→ Goal of the exercise:
No pictures go into the copy. Write out every line below exactly.

[Opening Supplied material section]

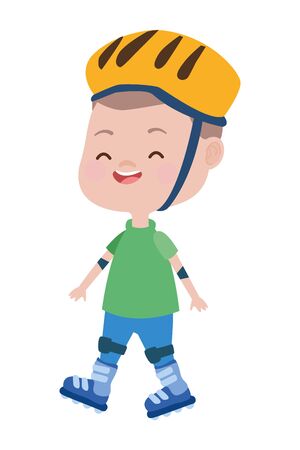cute little boy with skates character vector illustration designのイラスト素材
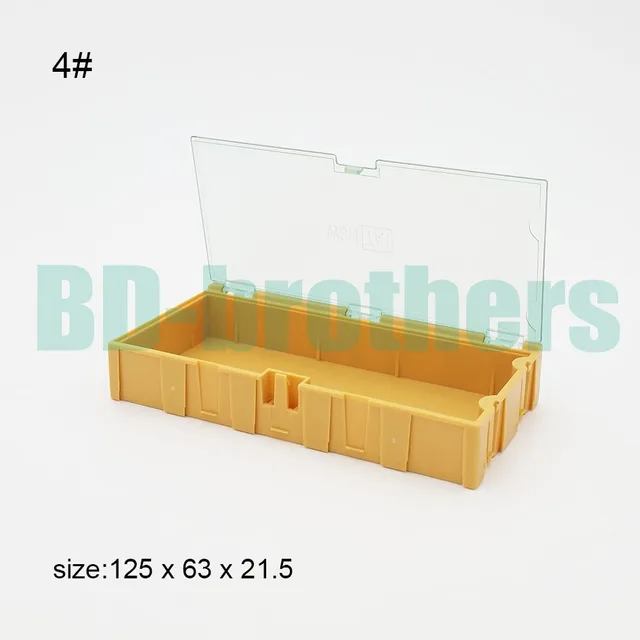 Special Offers Original 4# Yellow Component storage box IC Components Boxes SMT SMD Wentai Boxes Combination Tools Plastic Case 500pcs/lot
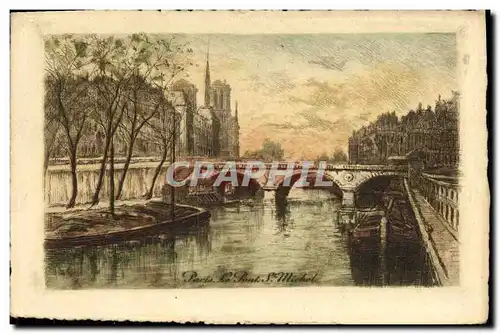 Cartes postales Paris Le Pont St Michel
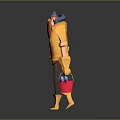 Cartoon Game Movie Character With Yellow Coat Orange Beard Red Bucket And Blue Tools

[Closing Supplied material section]

→ Task solution:
cute little boy with skates character vector illustration designのイラスト素材
 Special Offers Original 4# Yellow Component storage box IC Components Boxes SMT SMD Wentai Boxes Combination Tools Plastic Case 500pcs/lot
 Cartes postales Paris Le Pont St Michel
 Cartoon Game Movie Character With Yellow Coat Orange Beard Red Bucket And Blue Tools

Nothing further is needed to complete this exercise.